START Task material
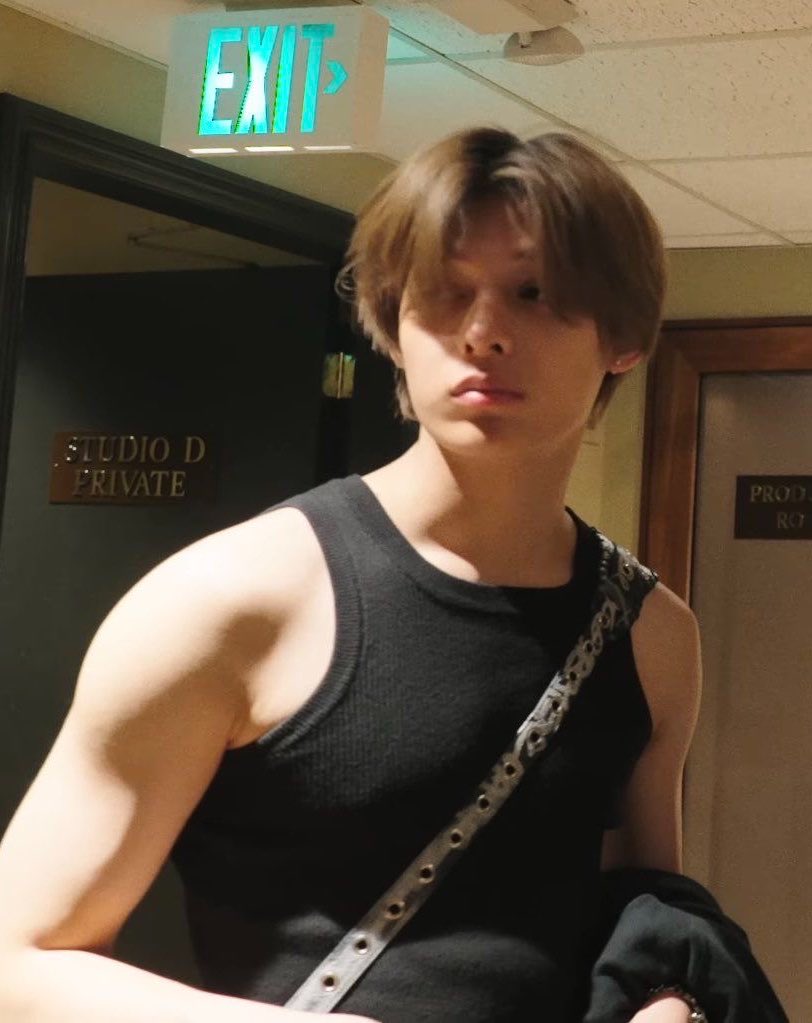 cortistwt's tweet photo. NEVER stop putting him in this type of clothing https://t.co/x24MCzj3Ke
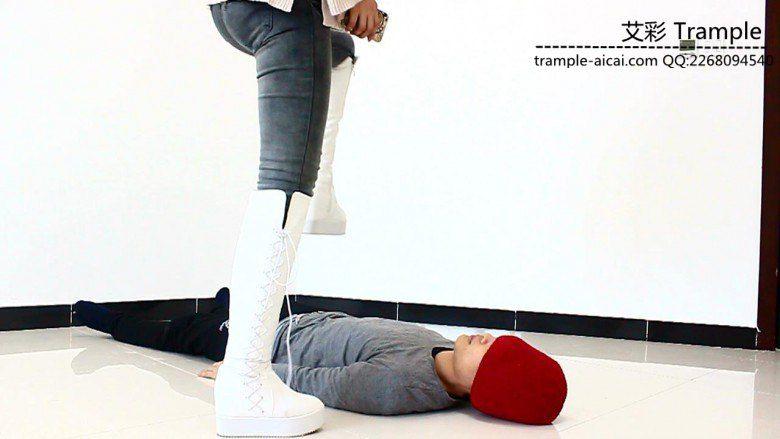 漂亮老师天依女主坐踩重剁羞辱调教贱狗！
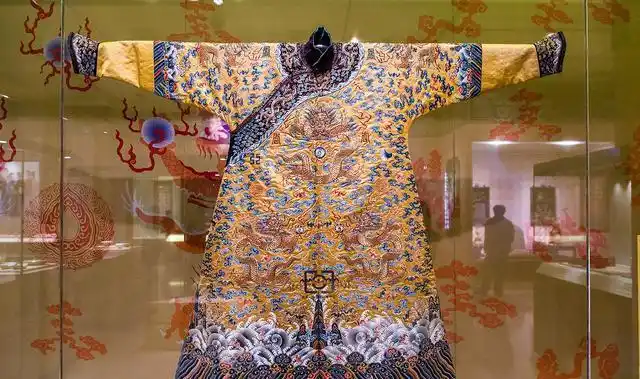 国宝寻踪之实拍真正的清代皇帝龙袍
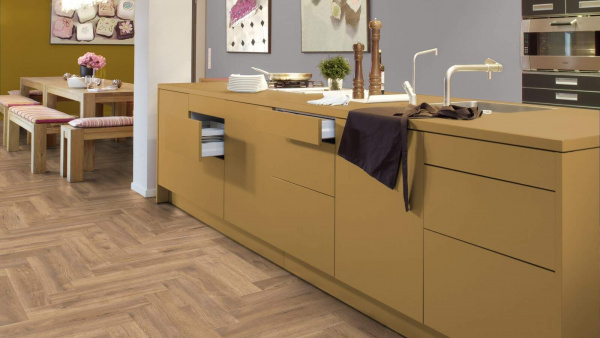 Ламинат Kronotex Herringbone Дуб Тевисо 665x133  мм, D4764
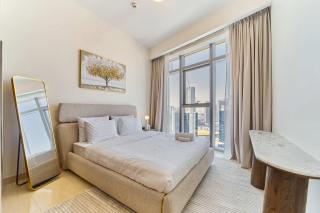 fam Living Ultra Luxury 3BR Burj Khalifa View - 4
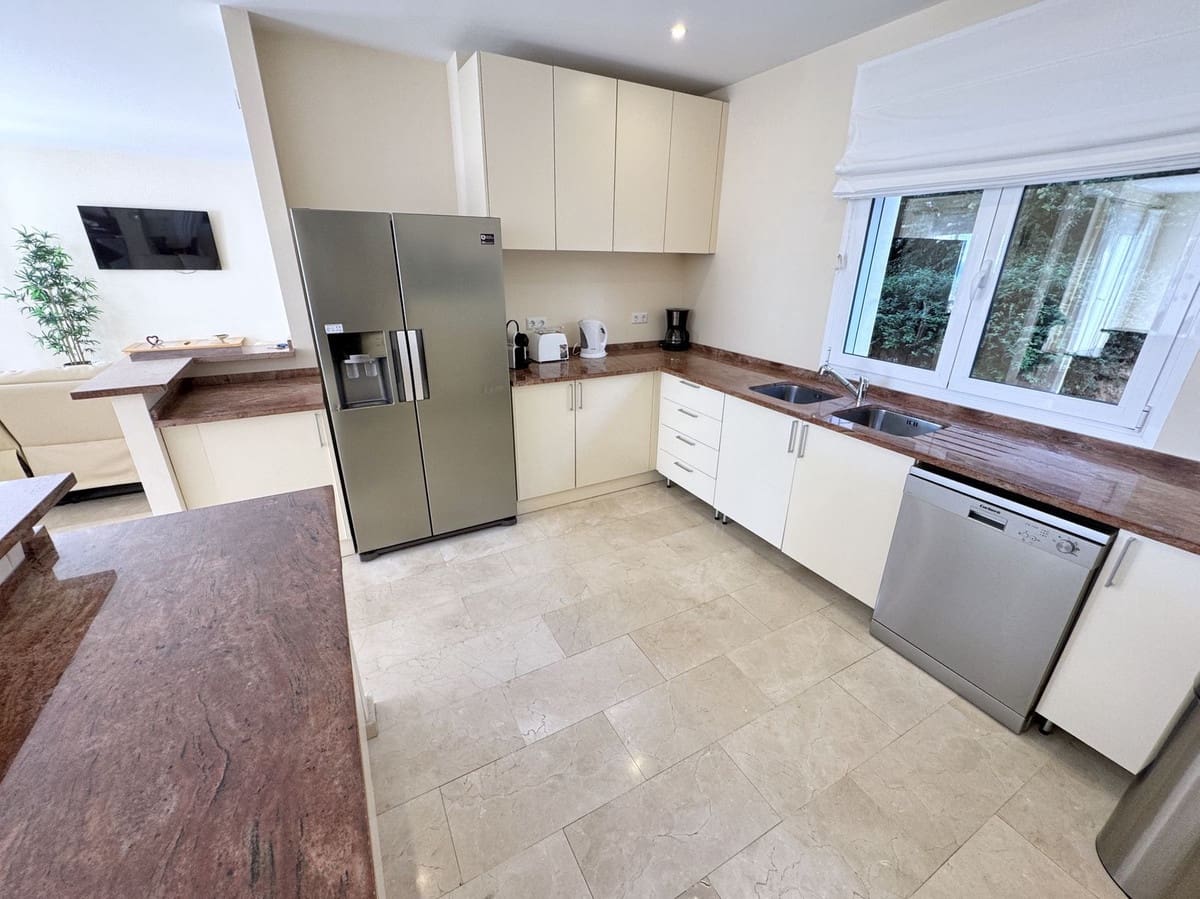 5 bedroom Villa for sale in La Cala de Mijas with pool garage - € 1,595,000 (Ref: 9498019)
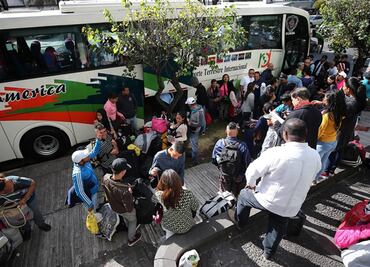 Decenas de venezolanos vuelven "con esperanza" a su país desde Ecuador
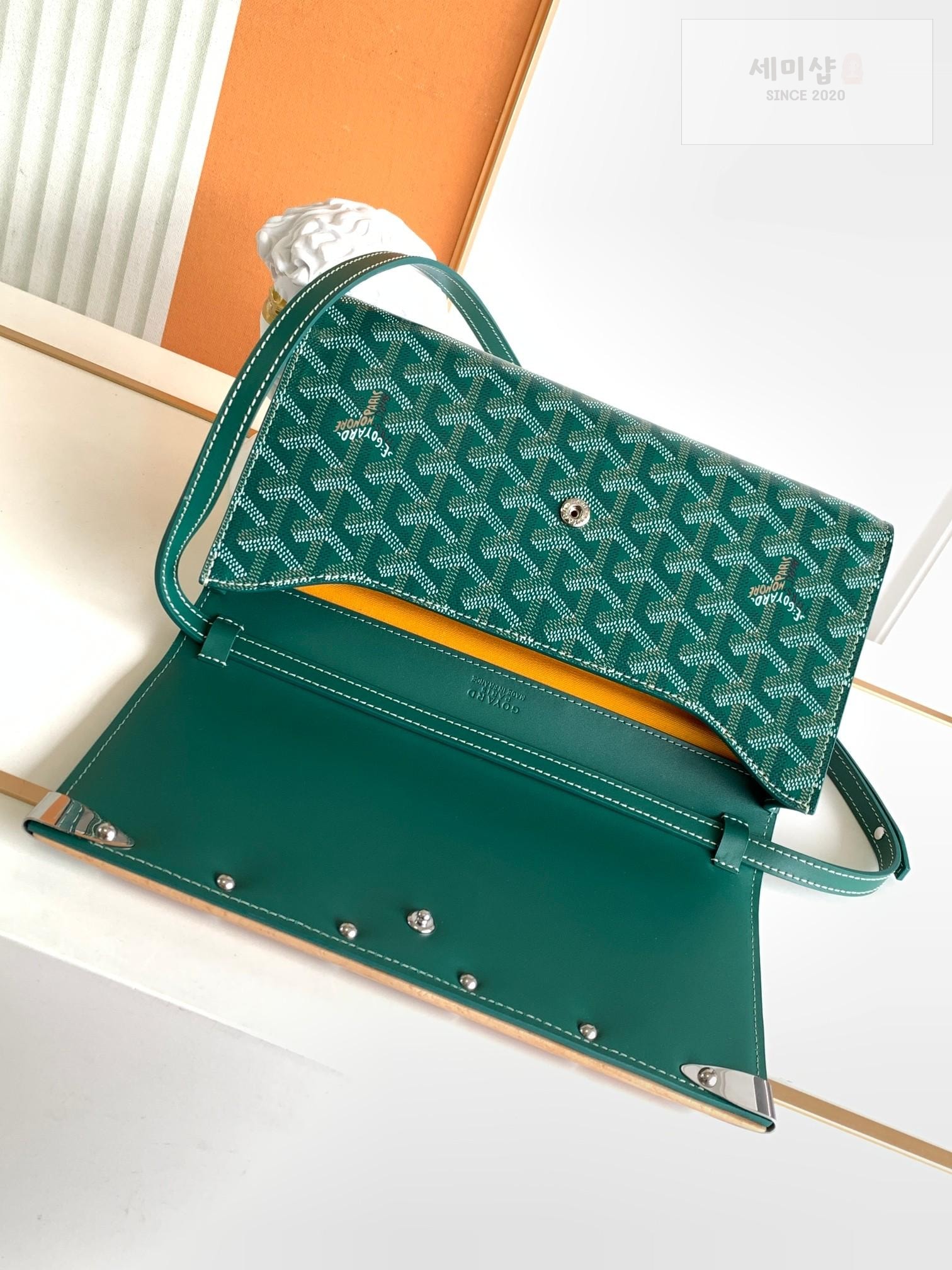G O Y A R D Goyard Monte Carlo Clutch PM Bag 44번 이미지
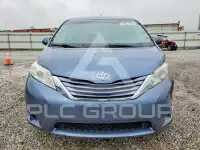 2017 Toyota SIENNA фото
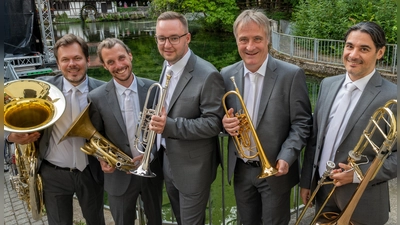 Gastiert mit seinem Programm „Music for Your Soul“ am Freitag im Windsbacher Waldstrandbad: das Quintett Classic Brass. Die Einnahmen sind für dessen Projekt „Ein Rettungswagen für die Ukraine“ bestimmt. (Foto: Ralf Hinz)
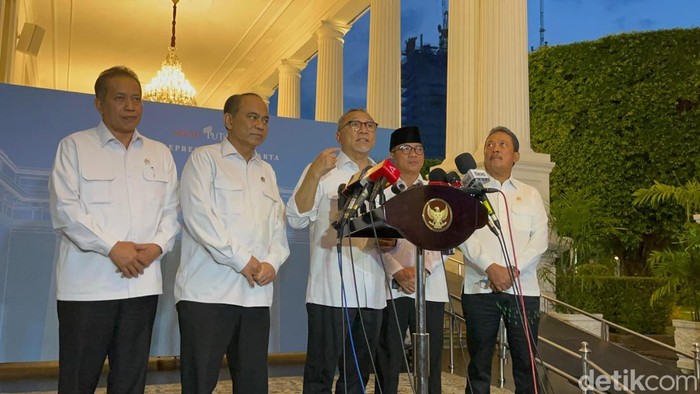 Menko Pangan Zulkifli Hasan menyebut telah ada 9.835 Koperasi Desa Merah Putih yang terbentuk. Ia menyampaikan jumlahnya terus bertambah. (Eva S/detikcom)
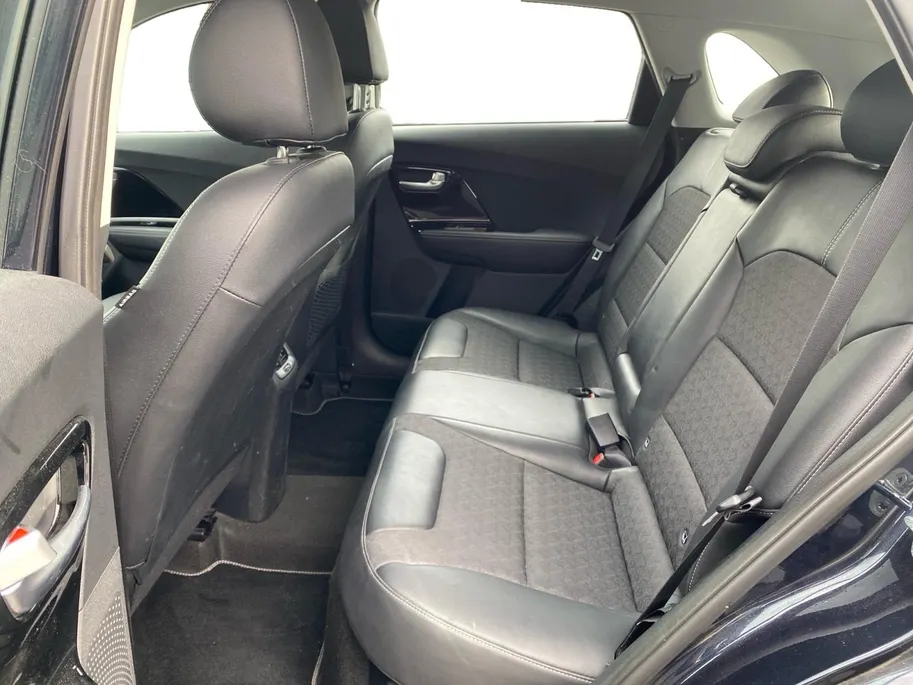 Kia Niro 1.6 GDi Hybrid DynamicLine | Navigatie | Climate control | Parkeer camera | Cruise control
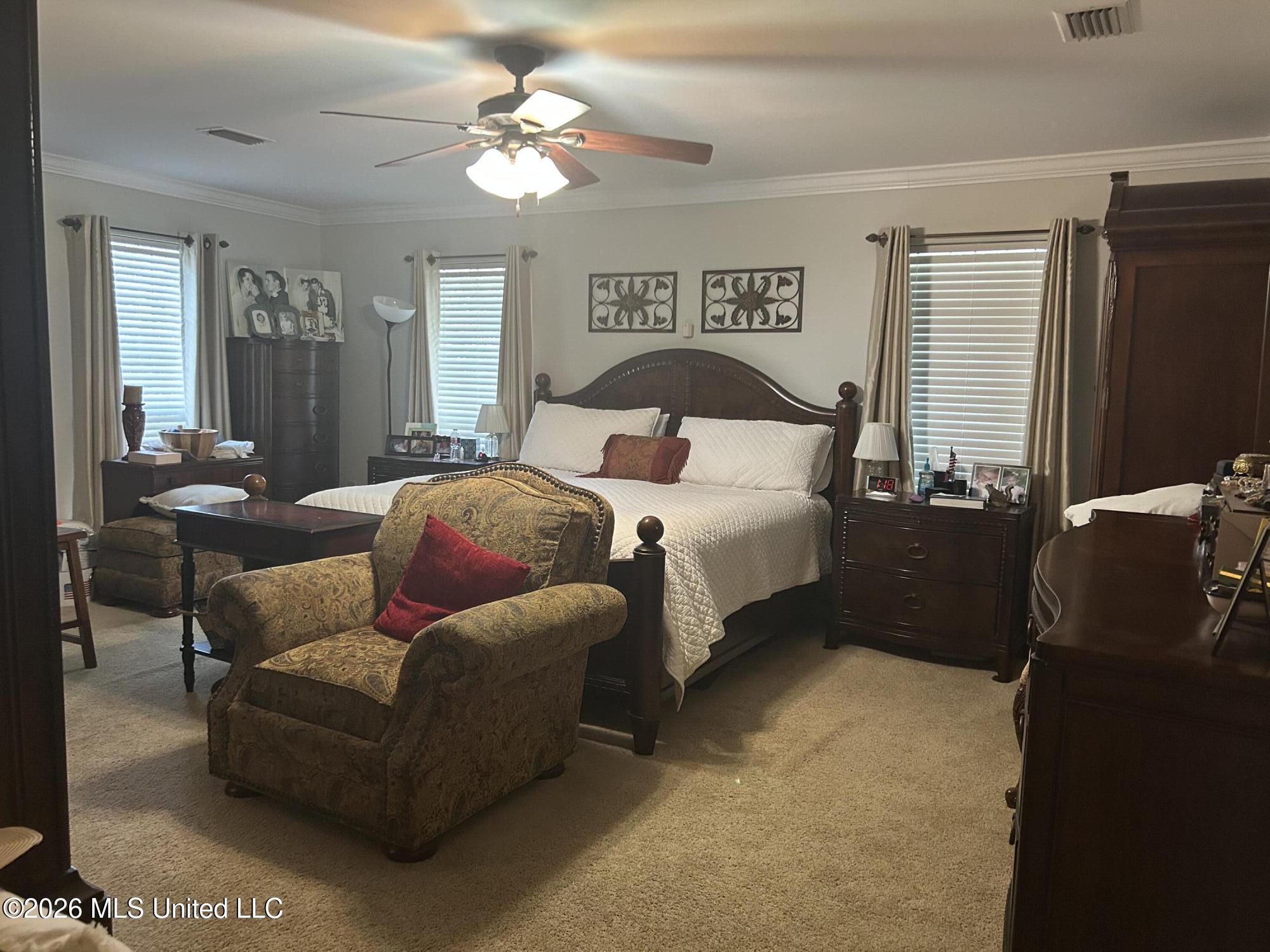 2421 Washington Avenue Property Photo 20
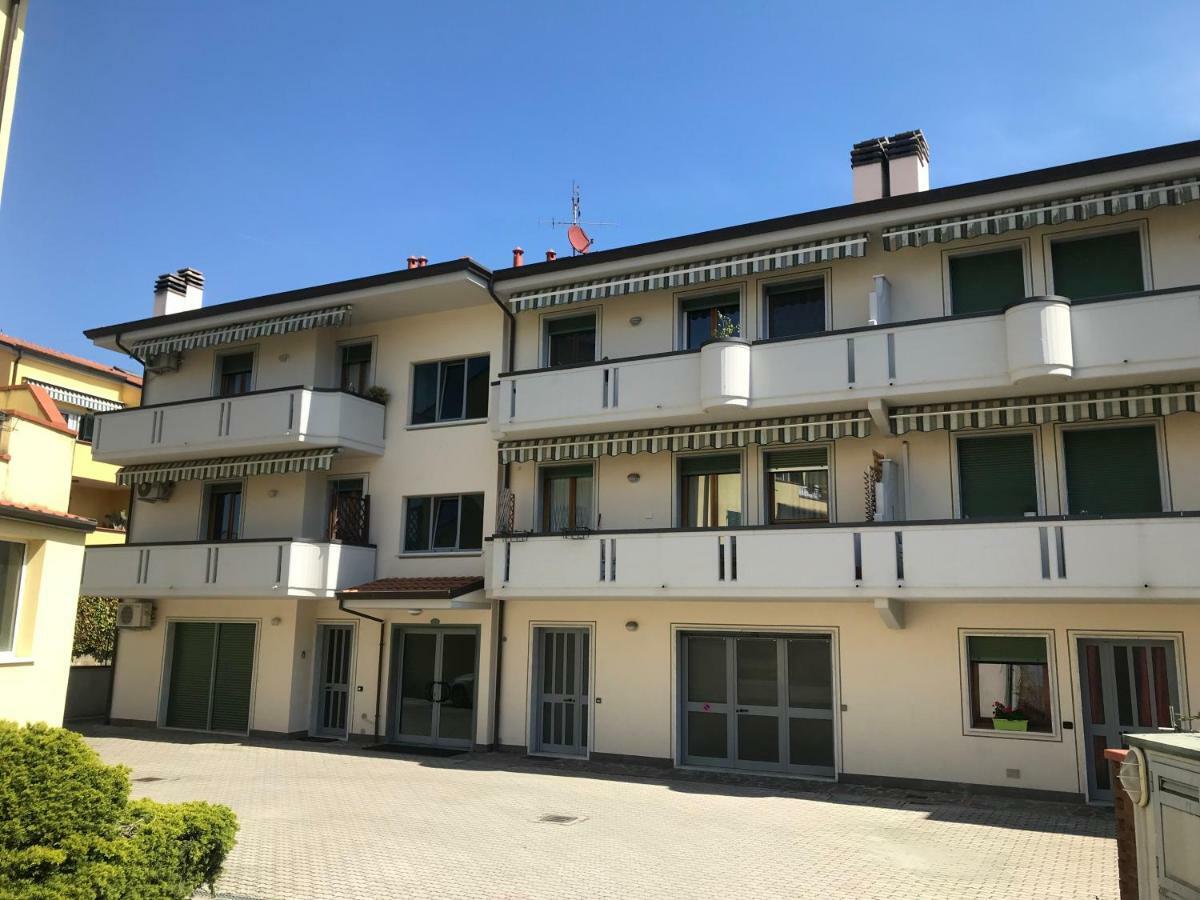 Ferienwohnung Fuori Porta Nuova Sarzana Exterior foto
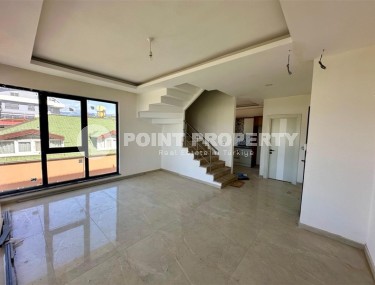 Panoramic apartment with sea and mountain views, on the 5th floor with attic in a quiet area of Alanya - Demirtas-id-7519-photo-1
END Task material
» **Task statement**:
Please retype the material in full, exactly as it reads, apart from the images.

» **Answer space**:
 cortistwt's tweet photo. NEVER stop putting him in this type of clothing https://t.co/x24MCzj3Ke
 漂亮老师天依女主坐踩重剁羞辱调教贱狗！
 国宝寻踪之实拍真正的清代皇帝龙袍
 Ламинат Kronotex Herringbone Дуб Тевисо 665x133  мм, D4764
 fam Living Ultra Luxury 3BR Burj Khalifa View - 4
 5 bedroom Villa for sale in La Cala de Mijas with pool garage - € 1,595,000 (Ref: 9498019)
 Decenas de venezolanos vuelven "con esperanza" a su país desde Ecuador
G O Y A R D Goyard Monte Carlo Clutch PM Bag 44번 이미지
 2017 Toyota SIENNA фото
 Gastiert mit seinem Programm „Music for Your Soul“ am Freitag im Windsbacher Waldstrandbad: das Quintett Classic Brass. Die Einnahmen sind für dessen Projekt „Ein Rettungswagen für die Ukraine“ bestimmt. (Foto: Ralf Hinz)
 Menko Pangan Zulkifli Hasan menyebut telah ada 9.835 Koperasi Desa Merah Putih yang terbentuk. Ia menyampaikan jumlahnya terus bertambah. (Eva S/detikcom)
 Kia Niro 1.6 GDi Hybrid DynamicLine | Navigatie | Climate control | Parkeer camera | Cruise control
 2421 Washington Avenue Property Photo 20
 Ferienwohnung Fuori Porta Nuova Sarzana Exterior foto
 Panoramic apartment with sea and mountain views, on the 5th floor with attic in a quiet area of Alanya - Demirtas-id-7519-photo-1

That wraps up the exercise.